Community Policing Nugget
Broken Windows and Community Policing
The notion of broken windows has provided important insights and innovation to the field of policing. At times, however, these ideas have been misunderstood, misapplied, and often viewed outside the context of community policing. Broken windows is based on the notion that signs of incivility, like broken windows, signify that nobody cares, which leads to greater fear of crime and a reduction of community efficacy, which in turn can lead to more serious crimes and greater signs of incivility, repeating the cycle into a potential spiral of decay. For police, the insight of broken windows is that they are called on to address minor quality-of-life offenses and incidents of social disorder to prevent more serious crime, and that they must take specific steps to increase the capacity of communities to exert informal social control. Just as many have inaccurately reduced community policing to community relations, others have incorrectly reduced broken windows to merely zero tolerance or order enforcement policies, with little regard for community concerns or outcomes. In fact, broken windows advocates for the careful implementation of these specific police tactics so that individual rights and community interests are respected. In addition, broken windows stresses the importance of including communities in the change process, with the primary goal being the development of informal social control mechanisms within the communities in question and not merely increased enforcement of minor offenses.
Later articulations of broken windows place it squarely within the context of community policing and attempt to address some of the legal and moral implication of its adoption. As Sousa and Kelling (2006:90) state, “we believe that order maintenance should represent a policy option in support of police and community efforts to be implemented as problem-analysis and problem-solving dictates.” An application of a one- size-fits-all order maintenance program is unlikely to have universally positive effects on all of the various crimes and serious problems confronted by police departments and is not advocated for by broken-windows theory. Rather, from the perspective of community policing, broken windows represents an important potential response to crime and disorder problems that may or may not be dictated through problem-solving processes and broken-windows-style interventions should be conducted in partnership with community stakeholders.

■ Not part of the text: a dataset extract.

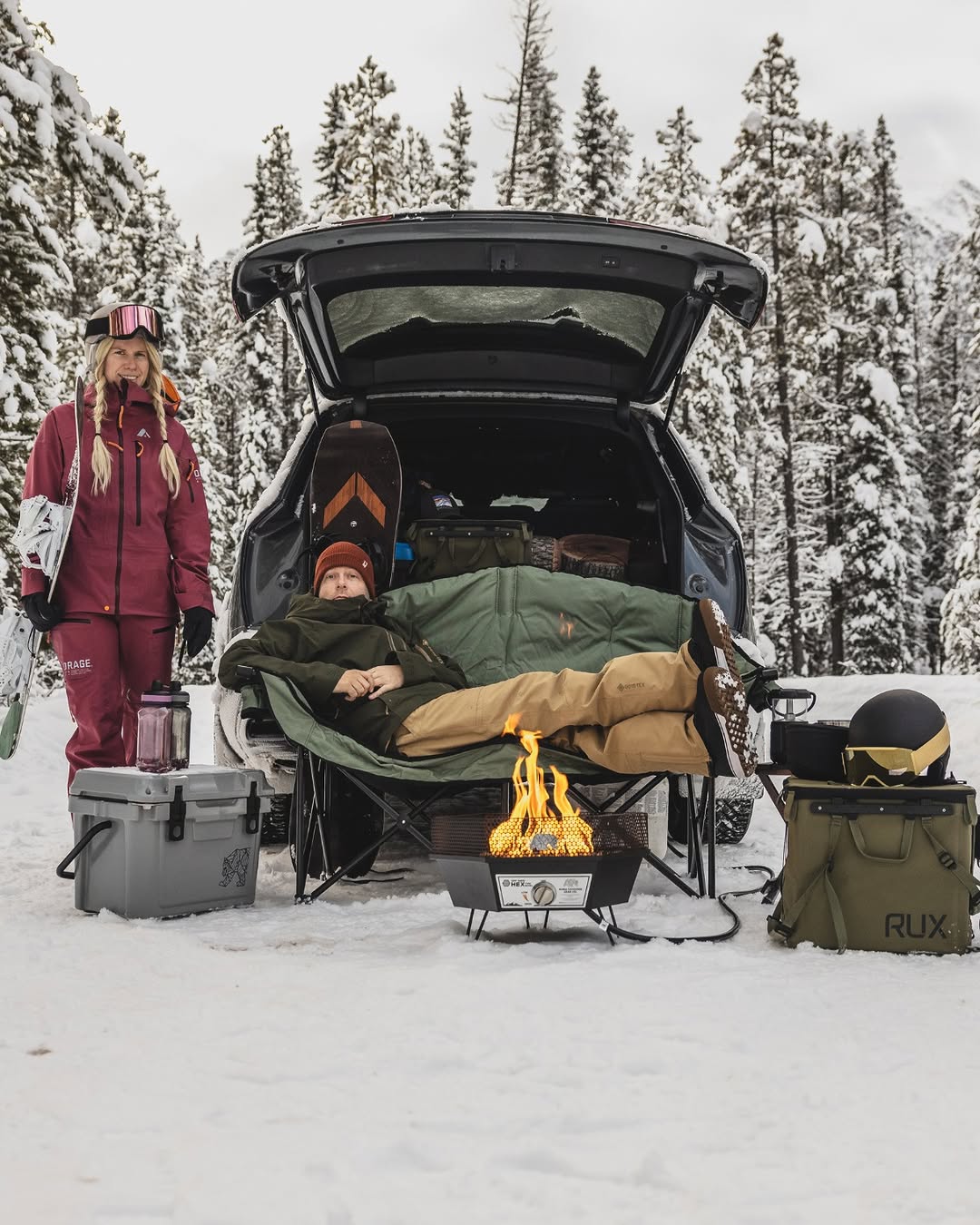Kuma Outdoor Gear Off-Grid Hex Fire Bowl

Broken windows is more narrow in scope than the overarching community policing philosophy and fits well within the community policing context. For example, unlike the community policing philosophy, broken windows does not attempt to identify specific organizational changes in law enforcement agencies that are necessary to institutionalize these types of police interventions. Situating broken windows within the broader community policing philosophy can help to advance the organizational changes necessary to make broken windows interventions (when they are called for through careful analysis) successful and sustainable. For example, broken windows can benefit from community policing’s focus on hiring different kinds of officers (who pay attention to disorder and have skills in community capacity building), building stronger analytical functions to support proper analysis, and making specific efforts to engage communities and increase trust to facilitate order-maintenance interventions.
When broken windows is correctly understood within a broader community policing philosophy, improper implementation of its central tenets through such things as ignoring community concerns, applying a zero tolerance one-size-fits-all approach to minor offenses, and conducting cursory or no analysis of problems, are less likely to occur. Appreciating the true scope of broken windows policing concepts within the context of community policing will enable these innovations to flourish and be most effective.
Sousa, W.H. & Kelling, G.L. (2006). Of “broken windows,” criminology, and criminal justice. In D. Weisburd & A. A. Braga (Eds.), Police Innovation: Contrasting Perspectives (pp.77-97). Cambridge: Cambridge University Press.